Due arresti, un minore denunciato e dodici agenti feriti fu il bilancio successivo a questi scontri scoppiati a seguito del match. La mannaia della repressione non si fece attendere, iniziò subito una retata da parte delle forze dell’ordine che portò a numerose diffide che, come spesso accade, colpirono esponenti di spicco delle due tifoserie.
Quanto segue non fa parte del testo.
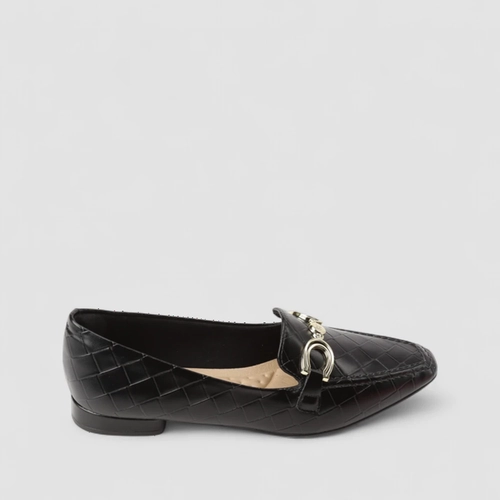Mocassim Feminino Sua Cia Enfeite Metalizado Trama Preto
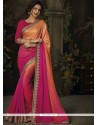 Hot Pink And Orange Patch Border Work Shaded Saree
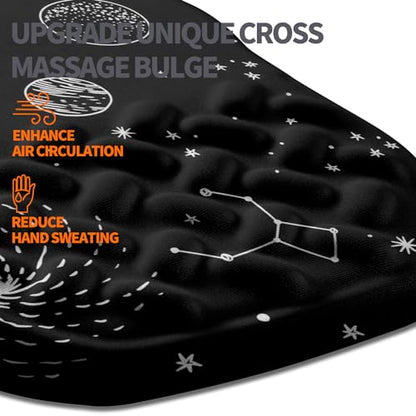 Ergonomic Slope Mouse Pad Wrist Support, Wrist Rest Mousepad for Carpal Tunnel Pain Relief with Massage Bulge and Slow Rebound Memory Foam (12x8 inch, Galactic System) - color: Am004-galactic System
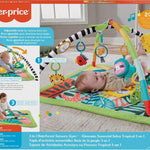 Fisher-Price Baby Playmat 3-in-1 Rainforest Sensory Gym with Music & Lights, Tummy Wedge & 5 Developmental Toys for Newborns 0+ Months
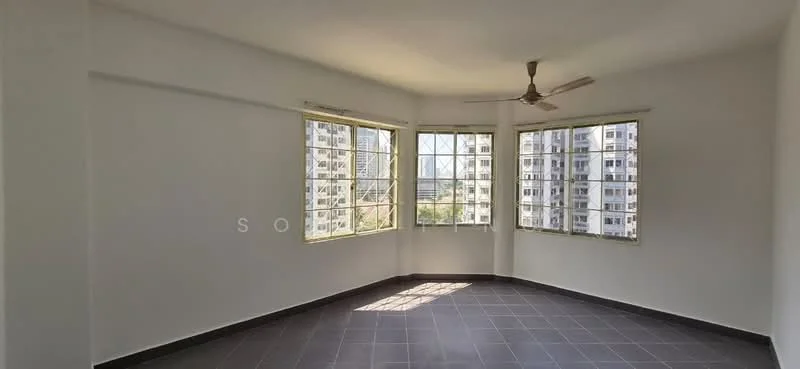 Room features: white painted walls, grey tiled flooring, ceiling fan, floor-to-ceiling windows, multiple window views, natural light, corner room layout; style: modern; view: city.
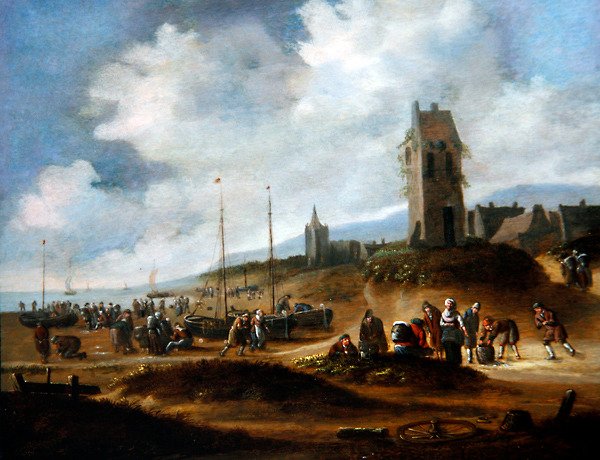 Uma Vista de Egmond com Pescadores vendendo a sua Apanha de Thomas Heeremans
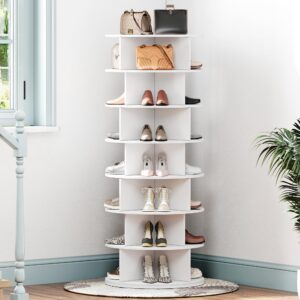 brafab 7-tier rotating shoe rack tower, 360-degree spinning shoe display carousel, revolving vertical shoe shelf and handbag organizer shelves for closet furniture, round lazy susan shoes storage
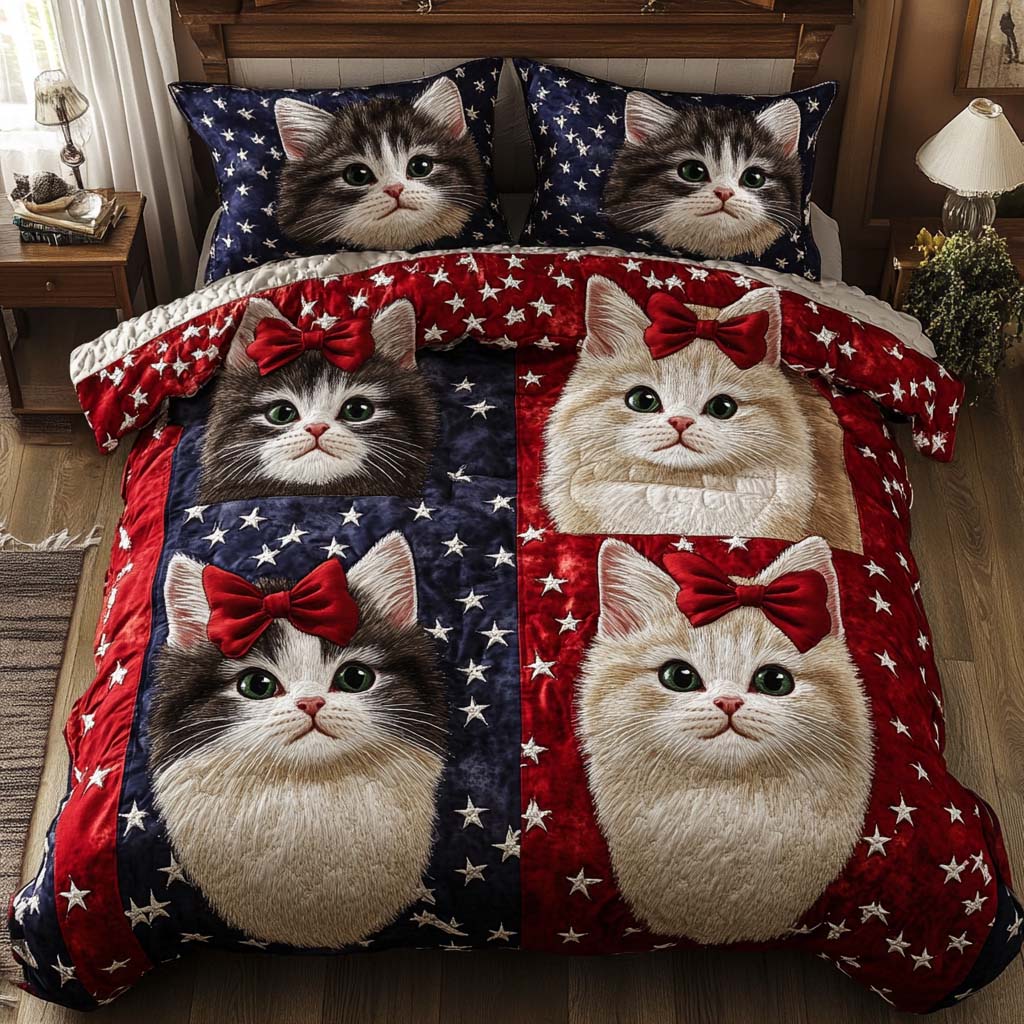 Bowtie Kittens Quilted Bedding Set Patriotic Bedroom Decor Best Presents For Cat Lovers
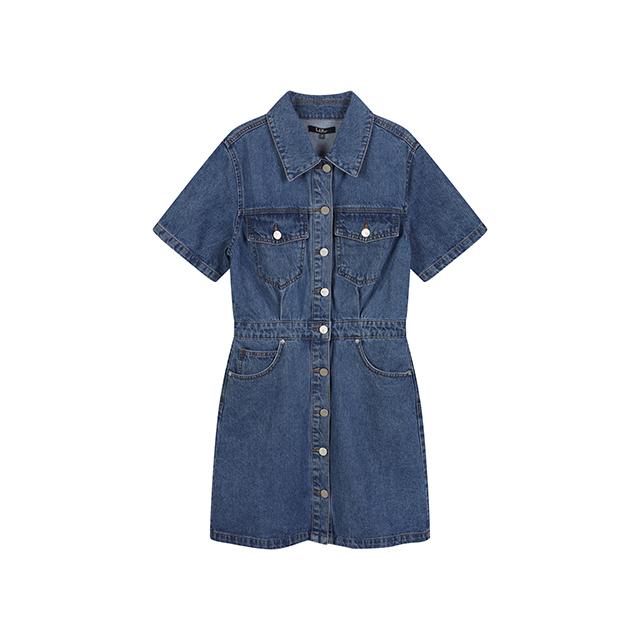 LAP Kurzarm Hemdkleid Mini Denim Kleid Ar2Do460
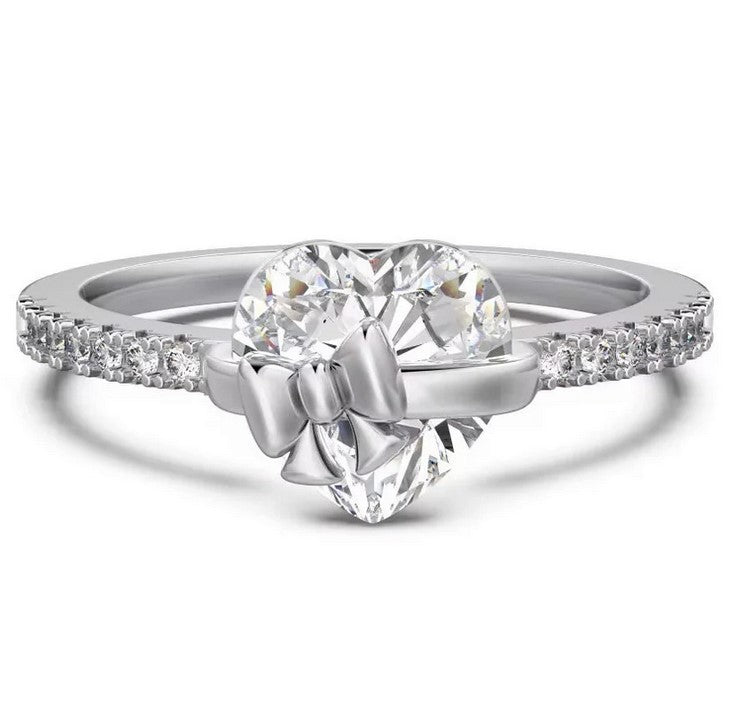 Silver Heart & Bow Sterling Silver Ring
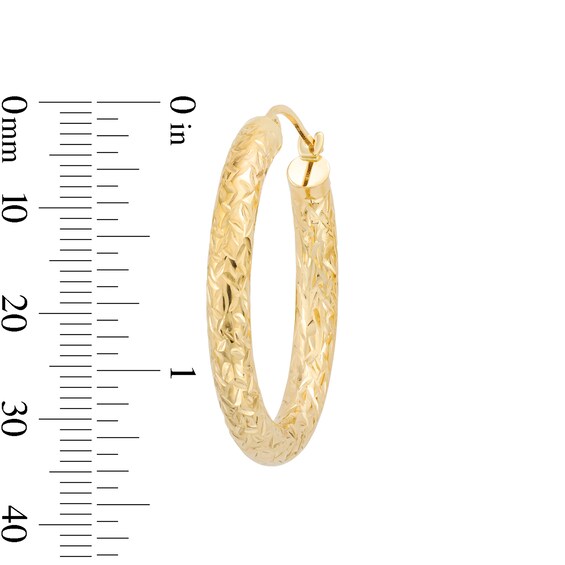 30.0mm Diamond-Cut Tube Hoop Earrings in Hollow 14K Gold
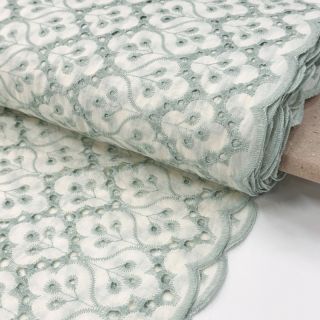Țesătură din bumbac EMBROIDERY Lilian mint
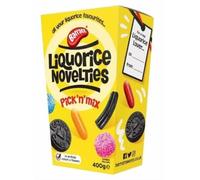 Barratt Liquorice Novelties Pick N Mix Box 400g | Ideal Present | Assortment of Liquorice Pieces, Aniseed & Flavour Gums and Jelly Buttons | All in one Pack | Sold by Essential Products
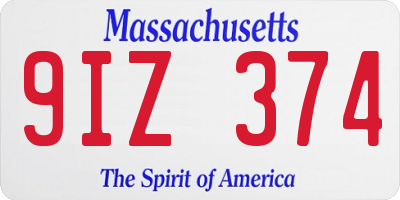 MA license plate 9IZ374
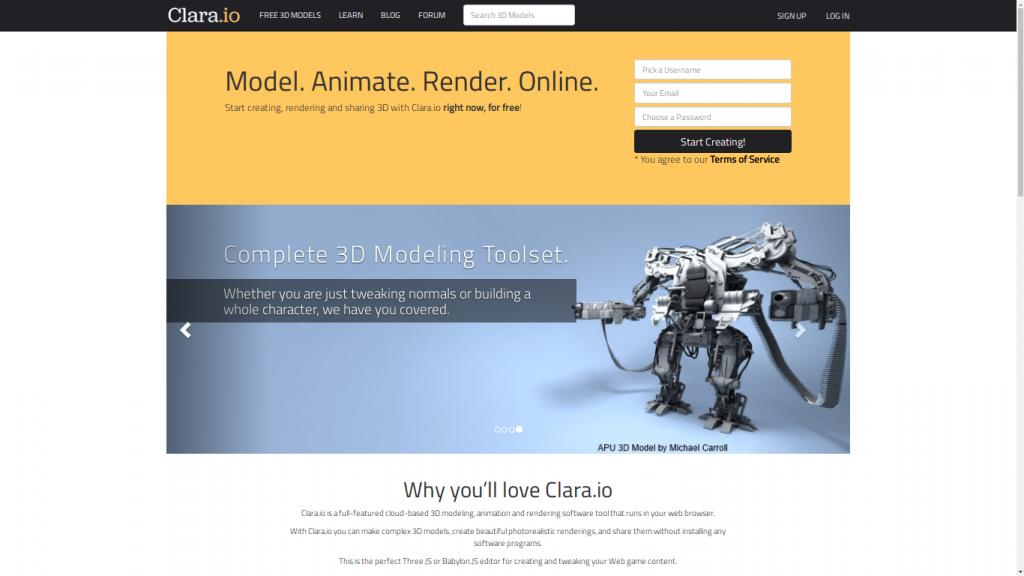 clara.io software cloud di modellazione 3d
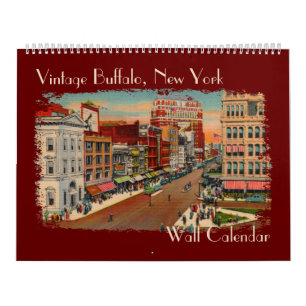 Buffalo vintage, calendrier mural de NY
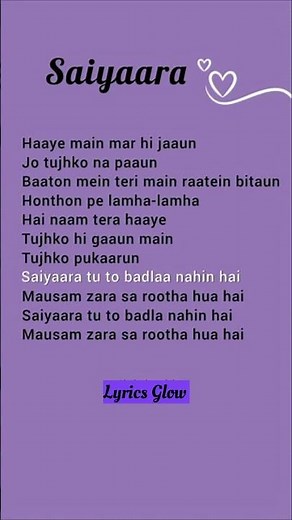 Saiyaara (2025) – Full Lyrics Video | Official Title Track | Faheem Abdullah | Mohit Suri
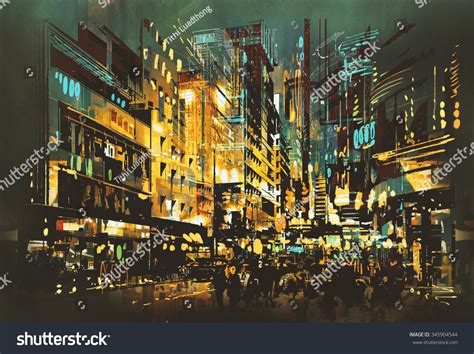 Night Scene Cityscape,Abstract Art Painting Stock Photo 345904544 ...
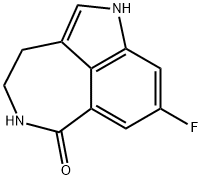 8-フルオロ-4,5-ジヒドロ-1H-アゼピノ[5,4,3-CD]インドール-6(3H)-オン 化学構造式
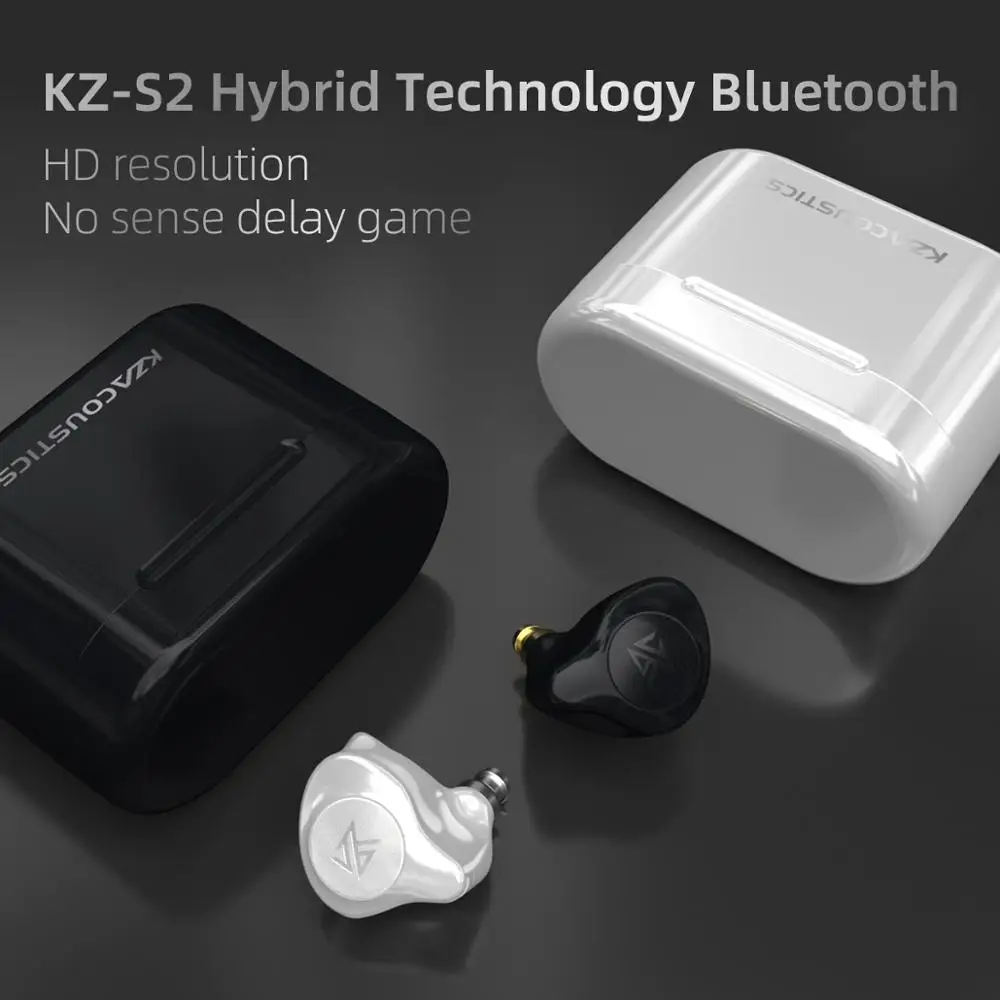 KZ S2 True Wireless TWS Earphones Bluetooth v5.0 Hybrid 1DD 1BA Game Earbuds Touch Control Noise Cancelling Sport Headset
Gli incidenti di Nardò ebbero ampio risalto sulle testate giornalistiche locali, con titoli ad effetto che, secondo consolidata tradizione, invocavano pene severe e se quest’ultime fossero risultate insufficienti, chiedevano al legislatore di adottare nuove leggi, più severe di quelle che già ci sono. Come se non ce ne fossero già abbastanza.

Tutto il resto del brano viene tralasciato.